■ Work item ■
The entries below are to be reproduced exactly, with their pictures omitted.

■ Data supplied ■
# # # #
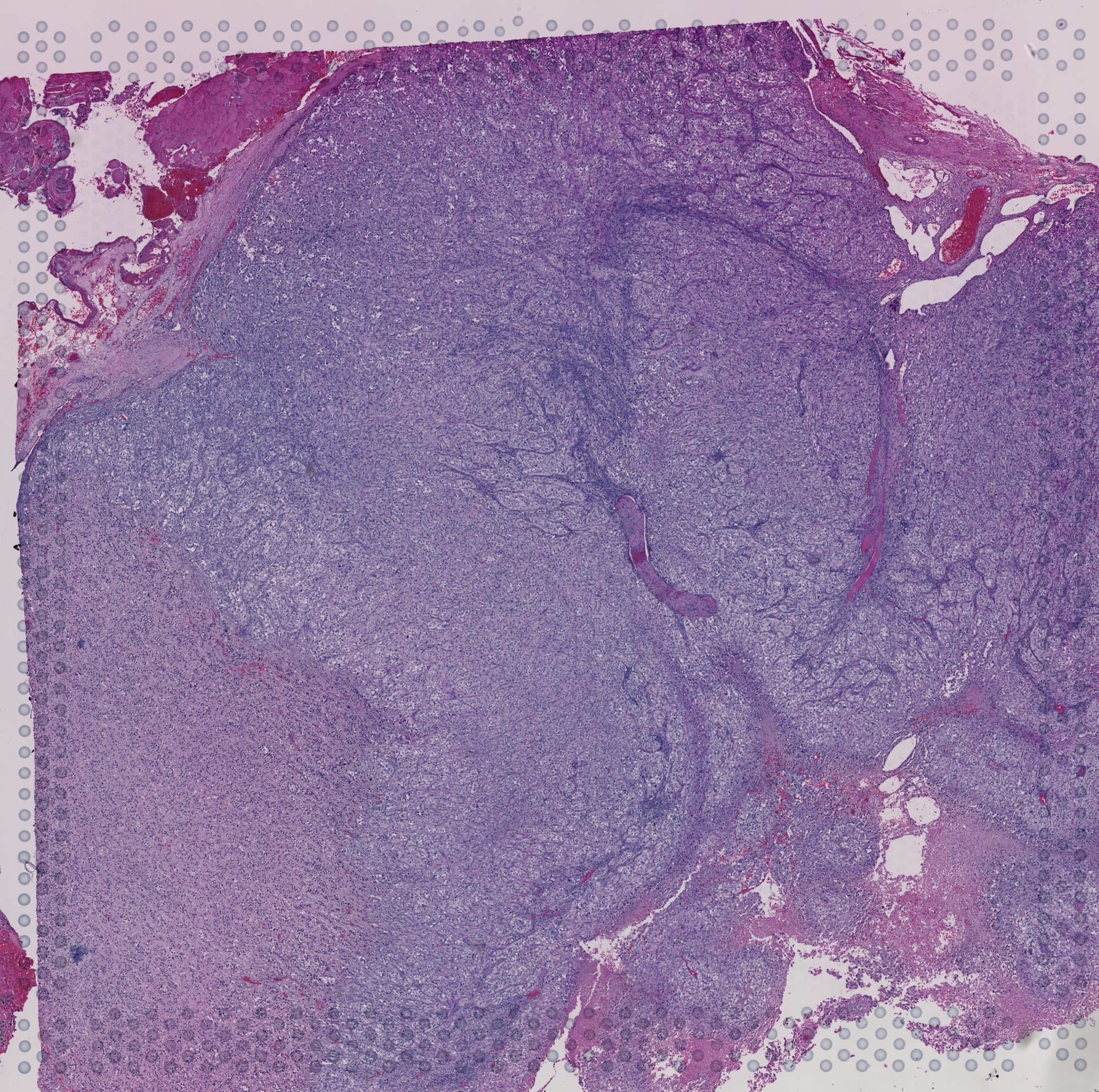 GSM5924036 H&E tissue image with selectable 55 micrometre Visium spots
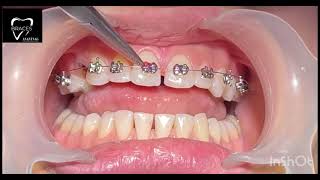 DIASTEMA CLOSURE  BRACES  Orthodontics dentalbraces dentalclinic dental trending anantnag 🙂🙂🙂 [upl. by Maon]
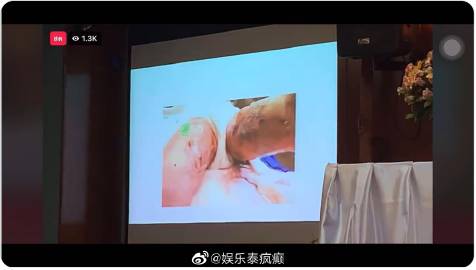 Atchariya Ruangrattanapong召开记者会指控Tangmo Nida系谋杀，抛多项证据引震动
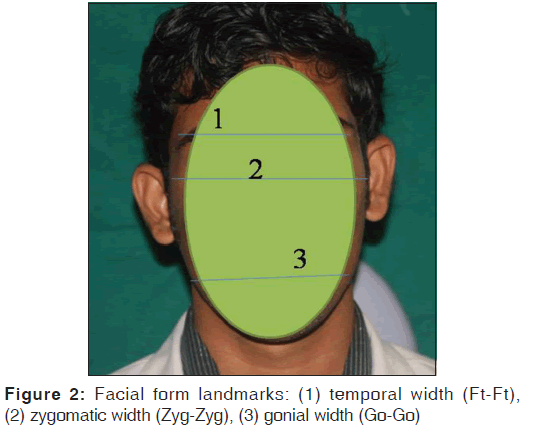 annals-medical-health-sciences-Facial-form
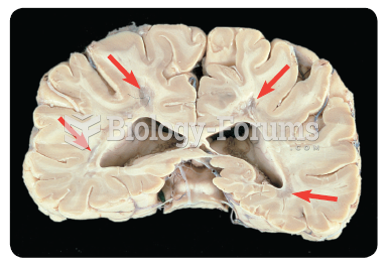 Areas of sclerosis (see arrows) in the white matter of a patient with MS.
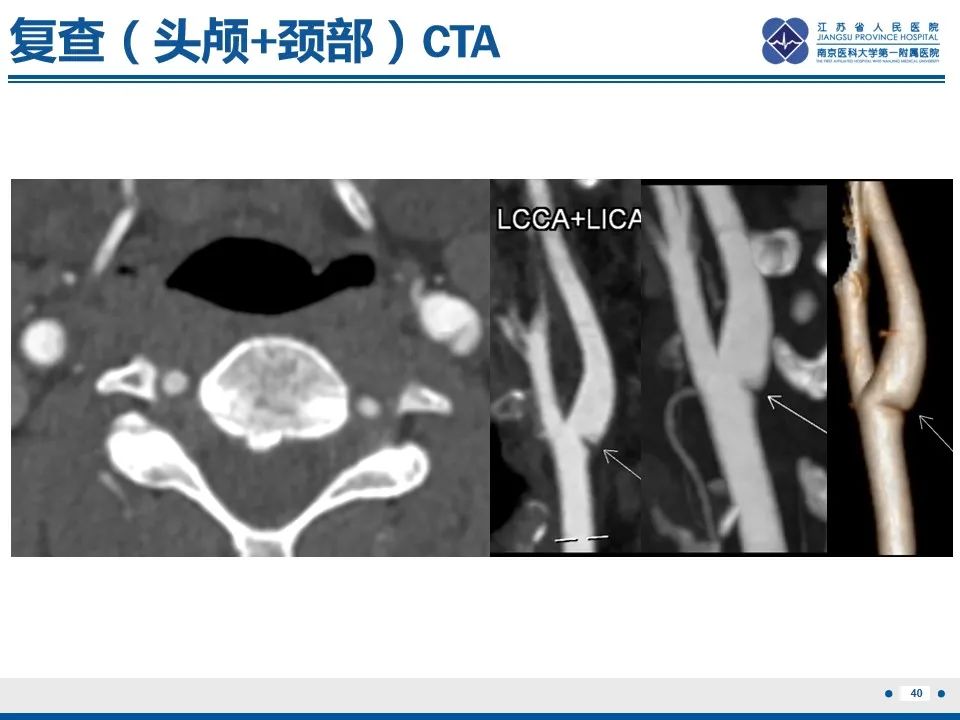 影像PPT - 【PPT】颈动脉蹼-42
# # # #
■ Written answer ■
 GSM5924036 H&E tissue image with selectable 55 micrometre Visium spots
 DIASTEMA CLOSURE  BRACES  Orthodontics dentalbraces dentalclinic dental trending anantnag 🙂🙂🙂 [upl. by Maon]
 Atchariya Ruangrattanapong召开记者会指控Tangmo Nida系谋杀，抛多项证据引震动
 annals-medical-health-sciences-Facial-form
 Areas of sclerosis (see arrows) in the white matter of a patient with MS.
 影像PPT - 【PPT】颈动脉蹼-42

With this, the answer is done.